*Short descriptive text snippets*.
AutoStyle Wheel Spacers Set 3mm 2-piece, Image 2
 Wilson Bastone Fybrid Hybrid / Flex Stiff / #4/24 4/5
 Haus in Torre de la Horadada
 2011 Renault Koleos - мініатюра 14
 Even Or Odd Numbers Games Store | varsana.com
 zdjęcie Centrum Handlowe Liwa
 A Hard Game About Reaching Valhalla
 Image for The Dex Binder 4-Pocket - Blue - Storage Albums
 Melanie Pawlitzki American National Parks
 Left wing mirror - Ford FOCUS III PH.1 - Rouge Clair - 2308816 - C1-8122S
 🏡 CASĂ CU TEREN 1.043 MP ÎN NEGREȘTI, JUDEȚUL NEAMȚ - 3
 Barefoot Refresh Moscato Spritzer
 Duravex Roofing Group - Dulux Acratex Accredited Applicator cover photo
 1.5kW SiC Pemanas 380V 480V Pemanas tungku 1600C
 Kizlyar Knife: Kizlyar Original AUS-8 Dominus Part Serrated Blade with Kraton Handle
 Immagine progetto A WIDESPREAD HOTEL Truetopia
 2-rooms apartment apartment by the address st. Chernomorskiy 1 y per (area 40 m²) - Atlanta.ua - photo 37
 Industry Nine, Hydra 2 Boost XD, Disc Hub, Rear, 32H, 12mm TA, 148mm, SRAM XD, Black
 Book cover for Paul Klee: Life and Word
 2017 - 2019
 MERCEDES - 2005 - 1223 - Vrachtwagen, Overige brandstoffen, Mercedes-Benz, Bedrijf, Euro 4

*Goal of the exercise*. Among the entries above, the lines between the ones containing "Store | varsana.com" and "1.5kW SiC Pemanas", inclusive, are to be transcribed exactly. No other line is to be given.

*Answer to the problem*.
 Even Or Odd Numbers Games Store | varsana.com
 zdjęcie Centrum Handlowe Liwa
 A Hard Game About Reaching Valhalla
 Image for The Dex Binder 4-Pocket - Blue - Storage Albums
 Melanie Pawlitzki American National Parks
 Left wing mirror - Ford FOCUS III PH.1 - Rouge Clair - 2308816 - C1-8122S
 🏡 CASĂ CU TEREN 1.043 MP ÎN NEGREȘTI, JUDEȚUL NEAMȚ - 3
 Barefoot Refresh Moscato Spritzer
 Duravex Roofing Group - Dulux Acratex Accredited Applicator cover photo
 1.5kW SiC Pemanas 380V 480V Pemanas tungku 1600C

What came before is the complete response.